Object Inspector
All About the Currently Selected Object (or Objects)
The Objects Inspector gives you precise information and control over the currently selected object (or objects) in your document. When you create an object in the document window, the Objects Inspector opens.
The Object Inspector provides control over:
- Color
- Name
- Visibility
- Prototyping
- Selectability
- Translucency
- Location and size
- Change what's selected
Control of Objects within a Group

Because a group is also an object, when your selected object is a group, you also have the following controls (see the picture above) over its contained objects:
Location and Size
The Object Inspector presents a table containing the location and size of the currently selected object. These numbers change live, as you edit your object in the document view. Watch the dimension values change as you resize or move an object.
Notice that, when you select one or more rows in this table, the corresponding face or dimension of your object will be selected in the design window.
You can directly edit any of these values by double-clicking on it. Simply enter the new value and hit Return. At this point, we highly recommend reading about numerical editing.
Column of locks
Occasionally you may find it useful to lock a dimension or position attribute's value or expression. Or you may encounter such a lock in a Smart Object. As a convenience, these locks are visible and alterable in the elements table. A word of warning: Locking a dimension's value can cause the 2D and 3D views to disagree unless you also alter the corresponding extent. This is explained in further detail in the help page regarding the Attributes inspector.
Name
When Design Intuition creates an object for you, it supplies a generic name. You may find it handy and useful to replace this name with something more descriptive and relevant. This name appears in your design drawing if you check the checkbox labeled Name. This name also appears in the Details View, in the right-hand column of the row for this object. You can change the name there, as well.

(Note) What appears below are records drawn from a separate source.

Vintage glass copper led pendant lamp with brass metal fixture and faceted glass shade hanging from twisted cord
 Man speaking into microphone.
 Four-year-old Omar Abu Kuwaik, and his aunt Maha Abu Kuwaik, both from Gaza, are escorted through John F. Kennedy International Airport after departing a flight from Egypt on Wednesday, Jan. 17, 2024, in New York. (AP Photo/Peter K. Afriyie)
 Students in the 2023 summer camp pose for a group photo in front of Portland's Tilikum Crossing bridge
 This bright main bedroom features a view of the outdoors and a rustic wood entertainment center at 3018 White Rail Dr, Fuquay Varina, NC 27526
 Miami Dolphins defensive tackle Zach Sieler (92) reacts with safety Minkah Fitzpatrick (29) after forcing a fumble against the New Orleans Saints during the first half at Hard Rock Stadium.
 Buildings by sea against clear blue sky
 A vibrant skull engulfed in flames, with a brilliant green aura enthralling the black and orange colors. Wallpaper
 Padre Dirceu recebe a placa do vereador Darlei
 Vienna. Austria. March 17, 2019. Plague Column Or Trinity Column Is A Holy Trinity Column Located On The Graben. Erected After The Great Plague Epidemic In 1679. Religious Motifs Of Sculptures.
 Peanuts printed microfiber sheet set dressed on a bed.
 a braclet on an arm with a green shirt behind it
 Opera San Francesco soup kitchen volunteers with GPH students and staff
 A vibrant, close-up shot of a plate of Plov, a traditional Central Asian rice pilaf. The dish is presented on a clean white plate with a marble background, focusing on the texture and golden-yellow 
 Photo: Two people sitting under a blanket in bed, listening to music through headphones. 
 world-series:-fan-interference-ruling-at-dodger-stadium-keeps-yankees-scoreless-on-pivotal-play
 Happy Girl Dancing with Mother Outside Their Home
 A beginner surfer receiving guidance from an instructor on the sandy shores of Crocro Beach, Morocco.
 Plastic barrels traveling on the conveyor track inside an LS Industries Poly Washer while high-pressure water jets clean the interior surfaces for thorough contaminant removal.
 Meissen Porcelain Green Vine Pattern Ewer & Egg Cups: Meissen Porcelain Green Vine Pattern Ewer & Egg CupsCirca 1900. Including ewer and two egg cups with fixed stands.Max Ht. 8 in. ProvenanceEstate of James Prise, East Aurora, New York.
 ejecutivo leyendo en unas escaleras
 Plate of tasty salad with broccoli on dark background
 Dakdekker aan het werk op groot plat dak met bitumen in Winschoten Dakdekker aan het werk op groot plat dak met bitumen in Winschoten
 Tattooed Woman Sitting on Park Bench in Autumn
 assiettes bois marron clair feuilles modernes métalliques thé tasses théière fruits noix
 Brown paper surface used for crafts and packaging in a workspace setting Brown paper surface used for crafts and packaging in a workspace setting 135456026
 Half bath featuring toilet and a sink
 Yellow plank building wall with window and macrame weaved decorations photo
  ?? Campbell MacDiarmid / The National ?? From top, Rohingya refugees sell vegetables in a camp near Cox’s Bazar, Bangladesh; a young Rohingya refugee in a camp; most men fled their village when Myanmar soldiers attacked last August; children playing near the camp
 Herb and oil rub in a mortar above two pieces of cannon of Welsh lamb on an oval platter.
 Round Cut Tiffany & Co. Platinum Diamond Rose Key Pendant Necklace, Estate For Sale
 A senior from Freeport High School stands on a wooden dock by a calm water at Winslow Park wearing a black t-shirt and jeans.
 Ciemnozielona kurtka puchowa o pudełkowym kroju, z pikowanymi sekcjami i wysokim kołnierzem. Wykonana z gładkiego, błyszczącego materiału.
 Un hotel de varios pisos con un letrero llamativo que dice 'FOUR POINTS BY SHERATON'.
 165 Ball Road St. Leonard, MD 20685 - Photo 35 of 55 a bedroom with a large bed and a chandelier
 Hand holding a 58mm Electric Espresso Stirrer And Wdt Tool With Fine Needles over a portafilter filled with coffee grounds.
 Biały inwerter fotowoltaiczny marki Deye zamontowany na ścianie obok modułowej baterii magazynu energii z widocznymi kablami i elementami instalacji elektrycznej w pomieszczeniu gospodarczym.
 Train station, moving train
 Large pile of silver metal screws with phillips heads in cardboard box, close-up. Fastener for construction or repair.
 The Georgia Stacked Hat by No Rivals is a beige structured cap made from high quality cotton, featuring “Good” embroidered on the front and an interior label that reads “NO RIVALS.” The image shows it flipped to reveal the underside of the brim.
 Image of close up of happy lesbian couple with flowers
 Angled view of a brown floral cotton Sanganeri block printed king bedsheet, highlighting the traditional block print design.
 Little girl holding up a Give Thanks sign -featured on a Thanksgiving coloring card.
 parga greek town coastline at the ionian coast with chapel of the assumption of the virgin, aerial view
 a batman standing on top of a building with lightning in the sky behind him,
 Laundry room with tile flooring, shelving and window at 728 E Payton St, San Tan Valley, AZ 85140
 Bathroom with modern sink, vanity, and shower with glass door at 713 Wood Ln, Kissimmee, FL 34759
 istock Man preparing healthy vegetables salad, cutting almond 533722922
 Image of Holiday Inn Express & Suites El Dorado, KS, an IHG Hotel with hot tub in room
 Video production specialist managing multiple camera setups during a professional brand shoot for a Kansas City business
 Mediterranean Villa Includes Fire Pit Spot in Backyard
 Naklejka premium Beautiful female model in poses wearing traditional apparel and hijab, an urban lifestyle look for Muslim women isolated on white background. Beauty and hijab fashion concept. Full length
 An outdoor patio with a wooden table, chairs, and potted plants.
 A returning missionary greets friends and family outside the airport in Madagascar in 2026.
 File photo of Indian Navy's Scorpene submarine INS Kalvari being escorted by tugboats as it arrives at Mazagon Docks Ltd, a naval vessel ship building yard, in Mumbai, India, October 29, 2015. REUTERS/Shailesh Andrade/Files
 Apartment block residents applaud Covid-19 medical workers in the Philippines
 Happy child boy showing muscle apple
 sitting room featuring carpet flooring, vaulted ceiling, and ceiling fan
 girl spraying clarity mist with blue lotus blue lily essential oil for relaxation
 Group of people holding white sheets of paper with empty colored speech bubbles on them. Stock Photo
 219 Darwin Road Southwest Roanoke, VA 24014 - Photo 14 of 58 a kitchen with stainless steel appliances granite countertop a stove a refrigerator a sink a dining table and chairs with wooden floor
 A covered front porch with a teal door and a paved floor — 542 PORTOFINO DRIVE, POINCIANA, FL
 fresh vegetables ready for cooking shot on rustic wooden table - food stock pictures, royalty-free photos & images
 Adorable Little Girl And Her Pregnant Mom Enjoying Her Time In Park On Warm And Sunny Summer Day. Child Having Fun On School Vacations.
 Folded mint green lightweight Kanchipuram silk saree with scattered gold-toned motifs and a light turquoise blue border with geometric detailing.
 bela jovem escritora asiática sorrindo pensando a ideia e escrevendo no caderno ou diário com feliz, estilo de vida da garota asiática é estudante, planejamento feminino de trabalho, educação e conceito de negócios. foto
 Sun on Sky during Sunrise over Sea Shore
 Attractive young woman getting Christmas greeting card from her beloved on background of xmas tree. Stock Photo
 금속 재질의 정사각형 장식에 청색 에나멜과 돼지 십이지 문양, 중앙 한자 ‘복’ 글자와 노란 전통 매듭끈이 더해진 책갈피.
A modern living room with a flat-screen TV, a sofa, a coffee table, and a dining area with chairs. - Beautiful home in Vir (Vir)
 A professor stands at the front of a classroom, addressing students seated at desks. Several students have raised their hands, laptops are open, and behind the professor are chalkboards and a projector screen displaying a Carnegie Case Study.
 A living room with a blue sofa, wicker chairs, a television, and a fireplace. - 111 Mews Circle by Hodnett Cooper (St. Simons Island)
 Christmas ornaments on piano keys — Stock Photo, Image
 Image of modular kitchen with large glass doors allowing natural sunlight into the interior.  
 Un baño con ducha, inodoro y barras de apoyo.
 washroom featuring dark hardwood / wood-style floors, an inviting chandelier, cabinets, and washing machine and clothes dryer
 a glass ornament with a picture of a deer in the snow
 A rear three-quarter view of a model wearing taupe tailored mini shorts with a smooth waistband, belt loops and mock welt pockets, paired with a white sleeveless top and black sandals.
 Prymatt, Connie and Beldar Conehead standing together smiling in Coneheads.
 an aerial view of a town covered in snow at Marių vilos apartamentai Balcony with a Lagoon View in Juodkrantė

If the object you are altering happens to be the outermost group, changing the name of the object also changes the name of the design document.
Visibility
The Object inspector gives you some powerful control over how your objects look. You can make an object disappear altogether by unchecking the checkbox labeled Show. This has the same effect on your design as if you had deleted the object, except that the object still exists and its dimensions can still be made visible. This is a good thing to do when you want to print a part of your design uncluttered by one or more objects or groups. If the object is a group, unchecking this checkbox makes the group object invisible, but leaves the objects within the group still visible. Your outermost group is configured this way, by default. The group object that is created when you group objects is configured as visible, though.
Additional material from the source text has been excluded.